Wednesday, April 26, 2017

GOOD WILL QUANTUMS PT. 4

Though I don't repudiate anything I wrote in Part 3, it does occur to me that an attempt to describe the virtue of simplicity ought to embrace that virtue, at least for that particular essay. And since last week I was dealing with some of the complexities of the Lee-Ditko SPIDER-MAN, I may as well take an example of valuable simplicity from that source.

In my essay on THE ENFORCERS, I took pains to demonstrate a level of mythopoeic complexity in the relationship between Peter Parker and J. Jonah Jameson. I mentioned the character of Betty Brant only in a negative sense: that she did not fulfill the role of "daughter" to Jameson's "heavy father," and that she became connected to Spider-Man's war on crime because she had taken a loan from the Big Man, who, in the tradition of loan sharks everywhere, called in the note with heavy interest. I also noted in a previous analysis that she didn't line up with the usual Oedipal figure of the "mother-substitute:"

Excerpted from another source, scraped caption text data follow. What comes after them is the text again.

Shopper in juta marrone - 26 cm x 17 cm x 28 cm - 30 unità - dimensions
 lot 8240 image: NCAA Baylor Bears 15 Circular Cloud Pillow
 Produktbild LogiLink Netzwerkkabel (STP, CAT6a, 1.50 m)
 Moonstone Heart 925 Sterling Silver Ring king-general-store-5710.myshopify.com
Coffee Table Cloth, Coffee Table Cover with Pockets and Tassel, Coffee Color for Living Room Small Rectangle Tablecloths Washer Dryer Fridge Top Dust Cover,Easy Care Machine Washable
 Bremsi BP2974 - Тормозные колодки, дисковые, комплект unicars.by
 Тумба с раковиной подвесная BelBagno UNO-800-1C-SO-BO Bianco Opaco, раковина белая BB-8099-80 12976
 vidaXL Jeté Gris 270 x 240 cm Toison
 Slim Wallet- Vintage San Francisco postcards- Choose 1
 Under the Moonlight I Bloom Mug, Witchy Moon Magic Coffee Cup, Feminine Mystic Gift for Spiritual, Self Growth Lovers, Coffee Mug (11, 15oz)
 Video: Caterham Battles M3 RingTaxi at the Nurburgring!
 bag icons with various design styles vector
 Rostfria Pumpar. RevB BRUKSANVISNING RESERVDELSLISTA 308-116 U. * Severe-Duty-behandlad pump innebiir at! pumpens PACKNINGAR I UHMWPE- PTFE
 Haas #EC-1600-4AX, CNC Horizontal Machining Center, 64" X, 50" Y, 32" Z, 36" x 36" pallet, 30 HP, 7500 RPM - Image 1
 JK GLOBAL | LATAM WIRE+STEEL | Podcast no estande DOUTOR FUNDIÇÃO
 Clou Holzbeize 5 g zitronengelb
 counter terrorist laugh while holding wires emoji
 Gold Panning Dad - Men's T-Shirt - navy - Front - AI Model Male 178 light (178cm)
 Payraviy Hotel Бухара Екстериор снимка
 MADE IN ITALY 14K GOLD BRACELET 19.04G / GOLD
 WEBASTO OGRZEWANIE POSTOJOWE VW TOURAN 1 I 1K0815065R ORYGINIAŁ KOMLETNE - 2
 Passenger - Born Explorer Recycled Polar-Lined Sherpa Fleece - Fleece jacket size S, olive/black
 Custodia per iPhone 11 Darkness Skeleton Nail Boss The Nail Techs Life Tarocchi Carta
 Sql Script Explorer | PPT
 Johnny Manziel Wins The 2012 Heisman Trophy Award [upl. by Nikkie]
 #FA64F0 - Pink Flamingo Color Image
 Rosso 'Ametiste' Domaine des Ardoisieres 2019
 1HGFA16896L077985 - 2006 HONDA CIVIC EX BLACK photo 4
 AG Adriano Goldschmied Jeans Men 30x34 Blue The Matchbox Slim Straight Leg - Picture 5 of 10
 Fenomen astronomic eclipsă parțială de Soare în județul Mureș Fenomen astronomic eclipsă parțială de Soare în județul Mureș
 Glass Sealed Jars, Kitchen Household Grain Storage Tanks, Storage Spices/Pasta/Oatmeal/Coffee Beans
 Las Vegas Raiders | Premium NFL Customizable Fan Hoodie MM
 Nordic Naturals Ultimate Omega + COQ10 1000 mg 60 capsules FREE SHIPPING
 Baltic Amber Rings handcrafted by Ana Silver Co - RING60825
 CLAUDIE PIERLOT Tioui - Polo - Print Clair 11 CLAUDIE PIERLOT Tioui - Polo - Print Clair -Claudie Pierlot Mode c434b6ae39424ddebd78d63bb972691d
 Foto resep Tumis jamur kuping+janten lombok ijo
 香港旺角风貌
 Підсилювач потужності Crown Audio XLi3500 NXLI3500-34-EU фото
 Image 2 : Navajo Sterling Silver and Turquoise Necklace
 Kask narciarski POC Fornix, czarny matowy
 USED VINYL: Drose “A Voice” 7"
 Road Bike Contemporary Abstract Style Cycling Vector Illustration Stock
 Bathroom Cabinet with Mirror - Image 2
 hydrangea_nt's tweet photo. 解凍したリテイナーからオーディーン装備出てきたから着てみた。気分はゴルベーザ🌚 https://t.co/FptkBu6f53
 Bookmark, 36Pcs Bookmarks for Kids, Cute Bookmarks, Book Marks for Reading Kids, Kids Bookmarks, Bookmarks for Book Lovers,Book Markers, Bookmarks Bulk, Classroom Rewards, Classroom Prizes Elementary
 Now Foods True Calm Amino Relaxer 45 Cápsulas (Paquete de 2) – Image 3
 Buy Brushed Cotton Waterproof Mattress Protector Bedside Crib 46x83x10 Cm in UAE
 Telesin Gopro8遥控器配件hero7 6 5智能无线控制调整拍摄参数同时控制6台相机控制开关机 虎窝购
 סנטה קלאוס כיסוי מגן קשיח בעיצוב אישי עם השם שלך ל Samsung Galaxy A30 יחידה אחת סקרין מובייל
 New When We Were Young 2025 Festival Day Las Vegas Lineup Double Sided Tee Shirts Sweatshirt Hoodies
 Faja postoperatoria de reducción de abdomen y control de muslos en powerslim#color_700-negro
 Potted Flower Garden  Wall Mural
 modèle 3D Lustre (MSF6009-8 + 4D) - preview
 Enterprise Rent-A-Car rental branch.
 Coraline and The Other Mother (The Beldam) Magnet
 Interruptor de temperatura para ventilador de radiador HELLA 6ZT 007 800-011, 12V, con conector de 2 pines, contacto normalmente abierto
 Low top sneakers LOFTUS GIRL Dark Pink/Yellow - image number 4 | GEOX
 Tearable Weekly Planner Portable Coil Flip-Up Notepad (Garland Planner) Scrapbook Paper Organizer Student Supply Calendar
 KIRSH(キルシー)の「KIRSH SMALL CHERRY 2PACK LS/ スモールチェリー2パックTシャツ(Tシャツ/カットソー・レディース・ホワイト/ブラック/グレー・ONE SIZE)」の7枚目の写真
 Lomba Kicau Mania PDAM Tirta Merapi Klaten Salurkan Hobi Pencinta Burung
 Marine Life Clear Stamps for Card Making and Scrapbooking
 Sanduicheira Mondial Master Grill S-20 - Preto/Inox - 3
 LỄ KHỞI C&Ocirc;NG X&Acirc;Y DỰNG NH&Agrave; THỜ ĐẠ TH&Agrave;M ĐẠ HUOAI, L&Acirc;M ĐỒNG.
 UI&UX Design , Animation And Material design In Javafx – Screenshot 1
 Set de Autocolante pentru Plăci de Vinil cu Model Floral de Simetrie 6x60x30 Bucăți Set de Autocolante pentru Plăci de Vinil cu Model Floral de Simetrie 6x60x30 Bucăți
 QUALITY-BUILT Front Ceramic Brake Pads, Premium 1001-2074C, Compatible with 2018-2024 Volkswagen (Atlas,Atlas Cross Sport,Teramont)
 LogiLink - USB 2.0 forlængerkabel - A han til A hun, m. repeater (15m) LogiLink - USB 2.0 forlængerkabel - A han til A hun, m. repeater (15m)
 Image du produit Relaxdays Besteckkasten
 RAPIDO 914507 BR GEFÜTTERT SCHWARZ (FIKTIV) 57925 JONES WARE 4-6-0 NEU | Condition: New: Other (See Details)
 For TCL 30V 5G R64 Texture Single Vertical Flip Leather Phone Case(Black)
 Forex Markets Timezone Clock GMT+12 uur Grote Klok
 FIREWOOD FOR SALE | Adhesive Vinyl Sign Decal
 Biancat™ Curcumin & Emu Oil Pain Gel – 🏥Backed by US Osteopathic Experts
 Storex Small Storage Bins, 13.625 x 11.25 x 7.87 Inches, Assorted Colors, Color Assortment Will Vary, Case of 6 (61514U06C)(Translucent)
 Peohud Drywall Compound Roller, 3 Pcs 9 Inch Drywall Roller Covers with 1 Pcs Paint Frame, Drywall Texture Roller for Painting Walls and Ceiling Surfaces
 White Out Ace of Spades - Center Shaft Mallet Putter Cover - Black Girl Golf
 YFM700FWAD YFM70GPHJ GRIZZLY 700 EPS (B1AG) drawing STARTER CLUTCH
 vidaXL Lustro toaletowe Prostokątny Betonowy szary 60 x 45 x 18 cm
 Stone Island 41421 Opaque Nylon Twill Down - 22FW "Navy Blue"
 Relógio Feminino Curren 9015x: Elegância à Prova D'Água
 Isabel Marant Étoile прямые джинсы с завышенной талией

So a doctrinaire Freudian reading does not apply, particularly since Parker's sexual needs are still turned outward, toward women more or less his own age. One might make something of the fact that the character's first major girlfriend is a little older than he is: Betty Brant is a working woman, roughly of college-age, when she starts dating the high-schooler. Few stories treat the Betty character as significantly older than Parker, though. So despite the occasional reference to her age-- in one story, her rival Liz Allan makes Betty feel "a hundred years old" simply by addressing Betty as "Miss Brant"-- she doesn't work as a mother-substitute any better than does Aunt May.

So does Betty Brant possess any "density?" Not within the mythopoeic domain, certainly. Whatever storytelling virtue she has would seem to apply only to the dramatic potentiality, which deals with affects. Here's one of the better examples of Stan Lee's skillful dialogue melding with the energetic visuals of Steve Ditko:



Even so, one never knows as much about Betty Brant as one knows about an Ibsen character. Aside from the eventual revelation that her brother Bennett became involved in the criminal life,  she comes from nowhere and doesn't really have a meaningful arc of her own. She is simply-- note my use of the word-- Peter Parker's first love.

But in contrast to the "denser" concerns that make the Lee-Ditko SPIDER-MAN compelling, simple characters like Betty-- and Ned Leeds, Anna Watson, and others-- have a valuable function. They don't ask the reader to understand them in any depth. Their simplicity is like a breath of fresh air next to all the breast-beating and hairshirt-tearing.

And that is probably the simplest I can get about the aesthetic of simplicity.